The Sexual Risk Behavior Beliefs and Self-Efficacy Scales are designed to assess individuals’ beliefs and perceived self-efficacy regarding sexual behaviors that may increase the risk for sexually transmitted infections (STIs) and unintended pregnancies. These scales are used to understand beliefs about sexual health and individuals’ ability to adopt safer sexual practices.

Data Analysis and Use

The data collected through these scales are analyzed to determine the perceptions and levels of self-efficacy that influence sexual behaviors. Researchers use the results to develop intervention programs aimed at reducing high-risk behaviors and improving sexual health. Data analysis may include statistical methods to evaluate differences between populations or to explore the effects of beliefs and self-efficacy on sexual behaviors.

Objective

The main objective of the Beliefs and Self-Efficacy Scales is to better understand the psychological factors that contribute to high-risk sexual behaviors. These scales help identify areas where individuals need more education or support to strengthen self-efficacy and adopt safer sexual practices.

Scoring

The scales are scored using a Likert scale, where participants rate the extent to which they agree with statements regarding their beliefs about sexual behaviors and their self-efficacy.

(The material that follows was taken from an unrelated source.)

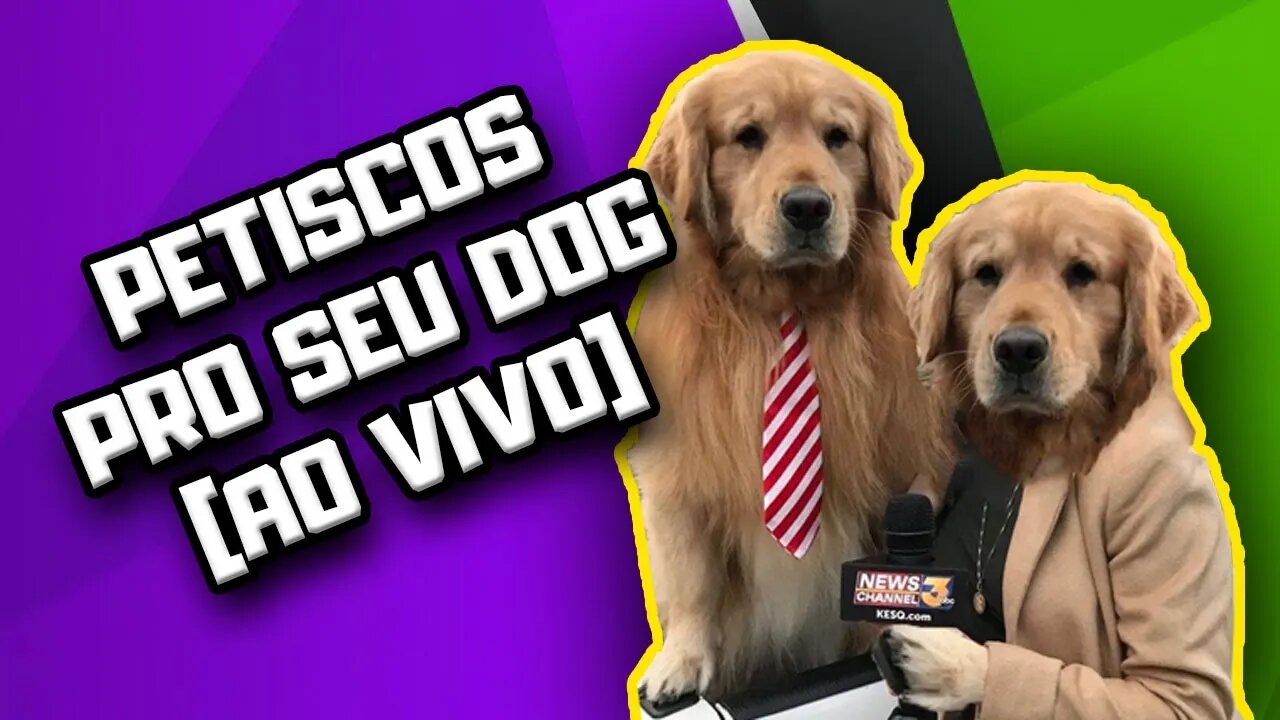 Qual a importância dos Petiscos? ft Aline Caofeitaria Fit | Alimentação natural para Cães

The scores are used to estimate individuals’ perceived ability to resist high-risk behaviors and to evaluate intervention programs.

References

Basen-Engquist, K., & Parcel, G. S. (1992). Attitudes, Norms, and Self-Efficacy: A Model of Adolescents’ HIV-Related Sexual Risk Behavior. Health Education Quarterly, 19(2), 263–277.
DiClemente, R. J., & Peterson, J. L. (1994). Preventing AIDS: Theories and Methods of Behavioral Interventions. Springer.
Fisher, J. D., & Fisher, W. A. (1992). Changing AIDS-Risk Behavior. Psychological Bulletin, 111(3), 455–474.
Bandura, A. (1994). Self-Efficacy: The Exercise of Control. Freeman.
Zimmerman, R. S., & Vernberg, D. (1994). Models of Preventive Health Behavior: Comparison, Critique, and Meta-Analysis. Advances in Medical Sociology, 4, 45–67.